PROMPT: In the data below, begin at the line with "Netrunner Cyberpunk Unisex" and stop after the line with "Tag-teaming the already downtrodden"; output those lines exactly and no pictures.

GIVEN DATA:
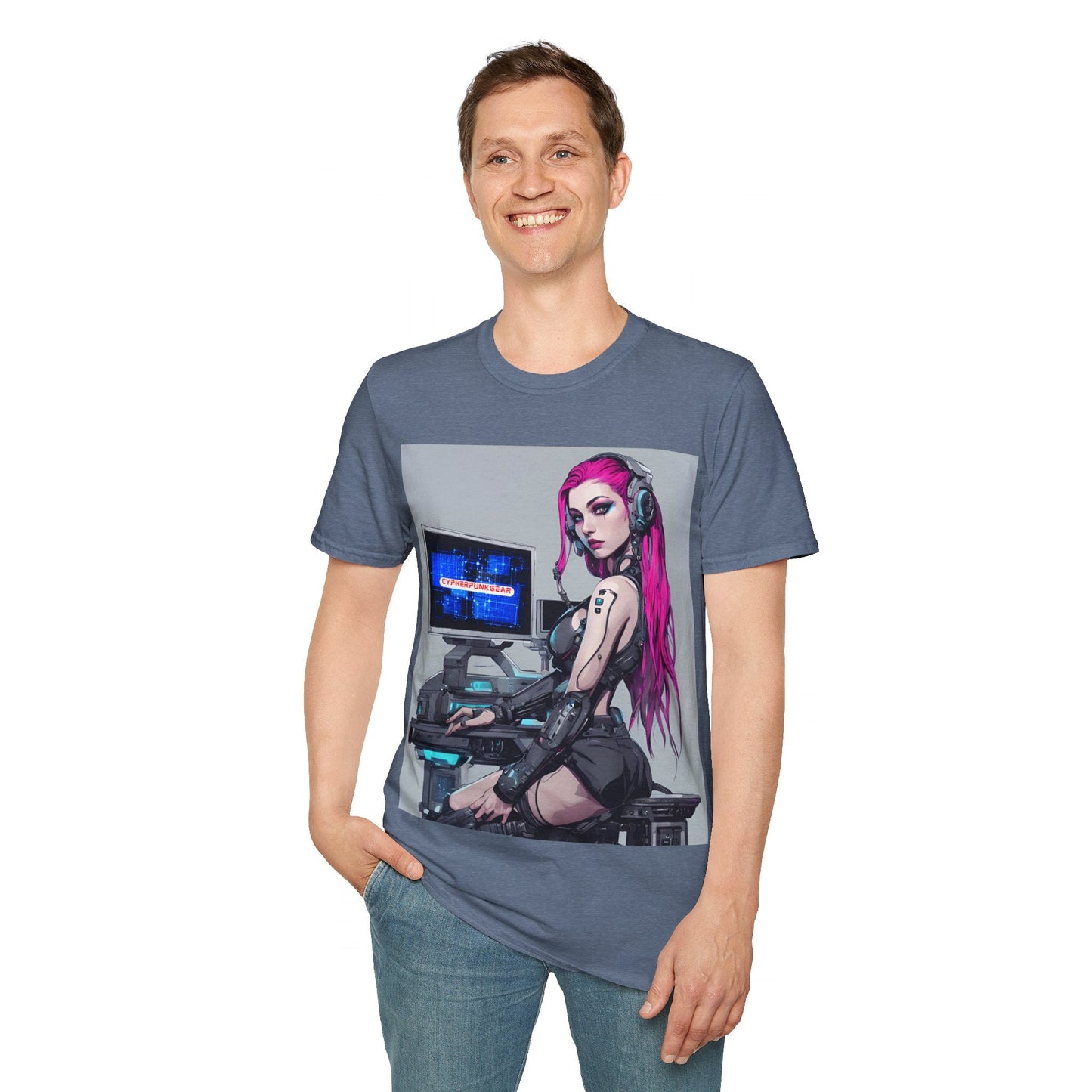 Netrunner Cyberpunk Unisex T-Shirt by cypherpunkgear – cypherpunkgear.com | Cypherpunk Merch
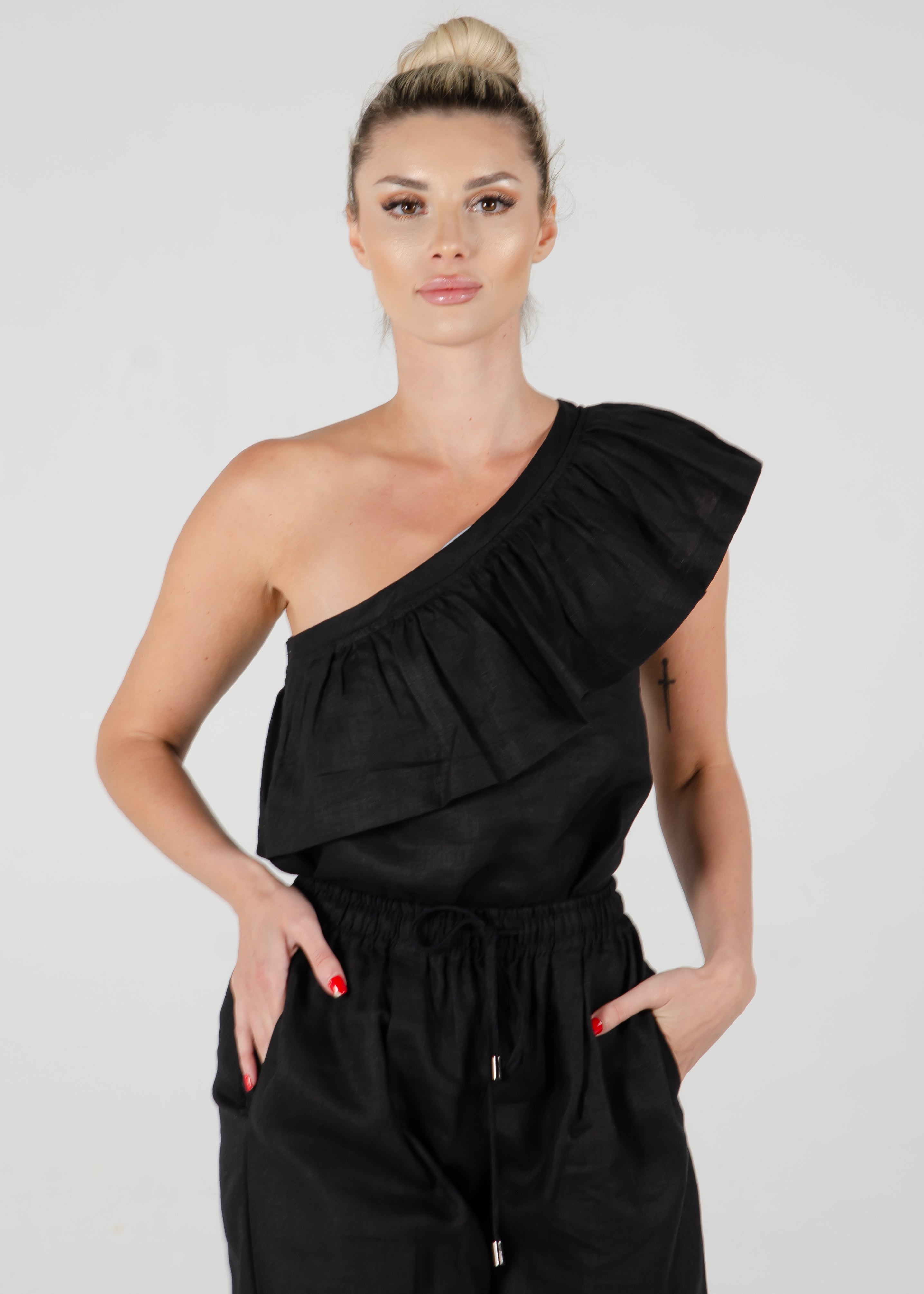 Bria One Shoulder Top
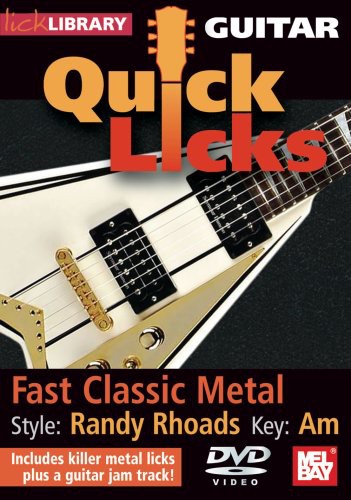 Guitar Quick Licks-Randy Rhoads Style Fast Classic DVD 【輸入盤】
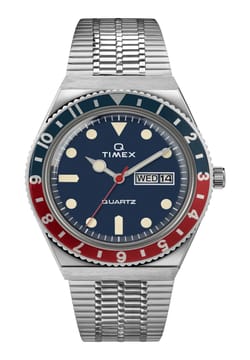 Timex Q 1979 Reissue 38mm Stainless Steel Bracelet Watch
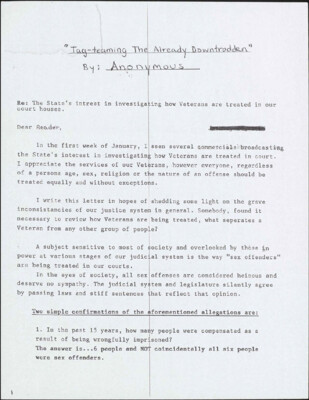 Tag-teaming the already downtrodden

* * *

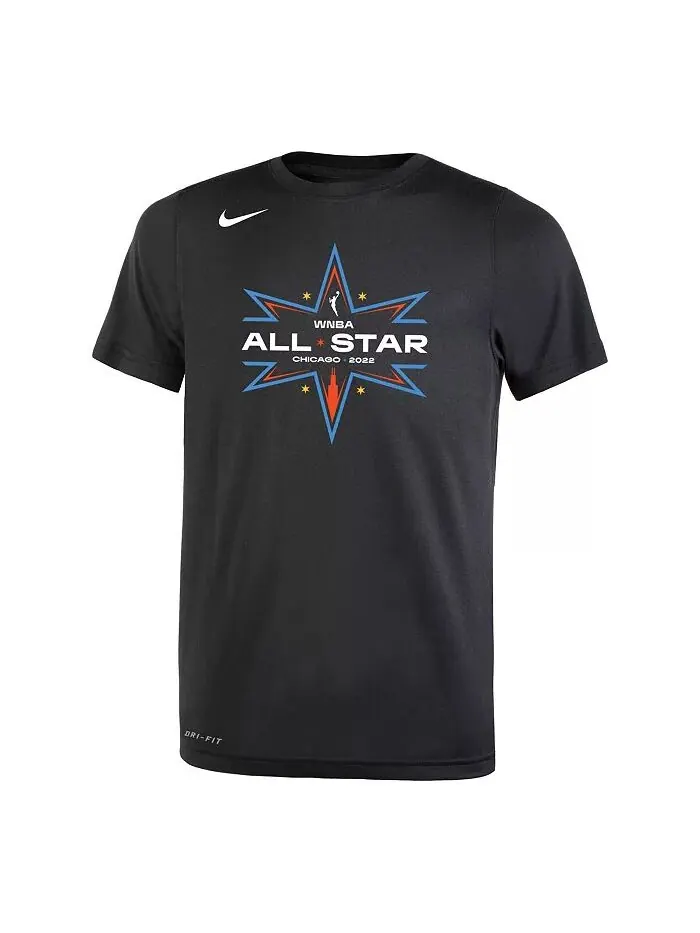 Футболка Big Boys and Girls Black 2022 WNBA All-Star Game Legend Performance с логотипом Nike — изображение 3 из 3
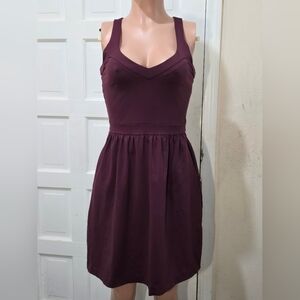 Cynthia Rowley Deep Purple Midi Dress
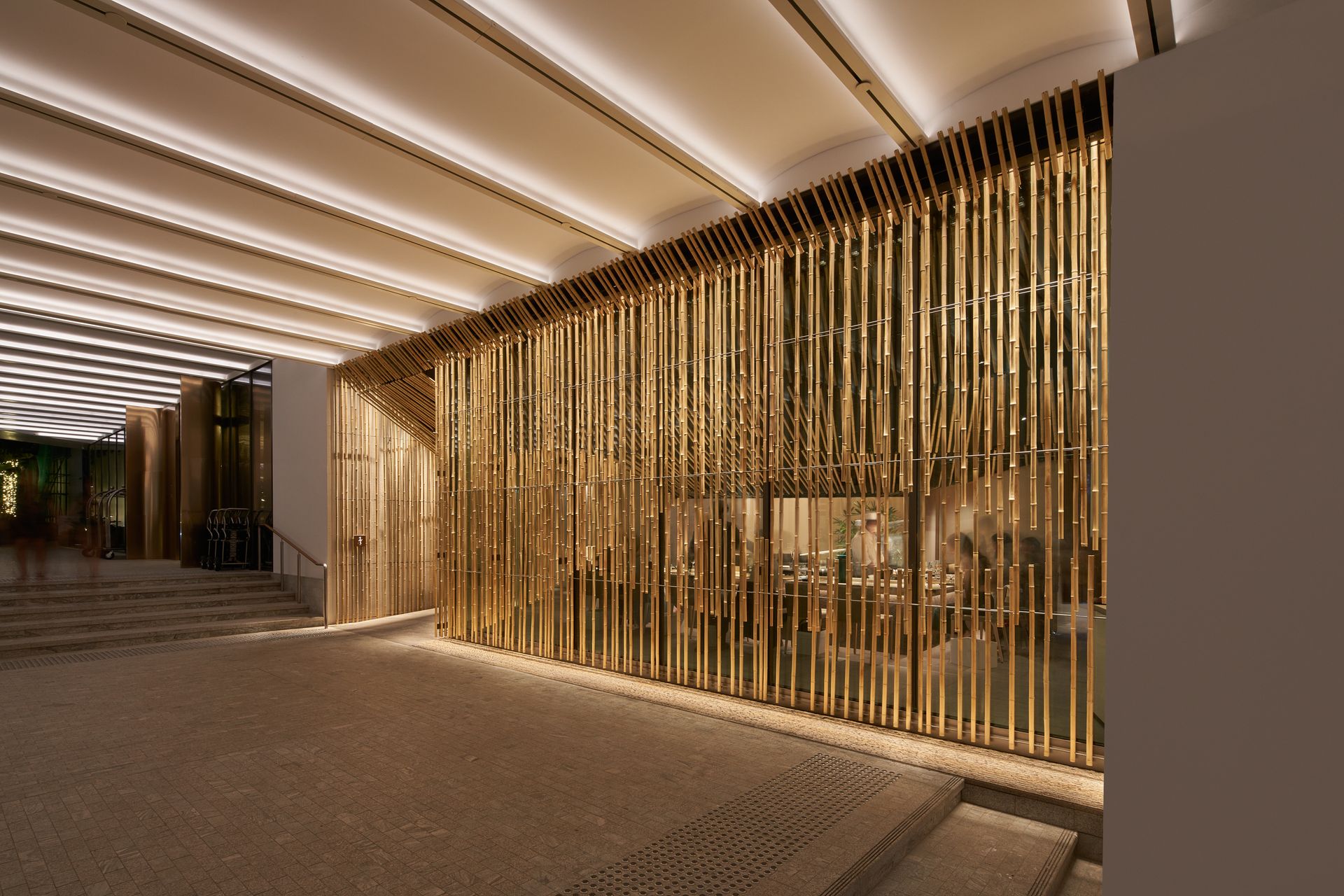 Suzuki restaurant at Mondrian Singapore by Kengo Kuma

SOLUTION FOR THIS EXERCISE:
 Netrunner Cyberpunk Unisex T-Shirt by cypherpunkgear – cypherpunkgear.com | Cypherpunk Merch
 Bria One Shoulder Top
 Guitar Quick Licks-Randy Rhoads Style Fast Classic DVD 【輸入盤】
 Timex Q 1979 Reissue 38mm Stainless Steel Bracelet Watch
 Tag-teaming the already downtrodden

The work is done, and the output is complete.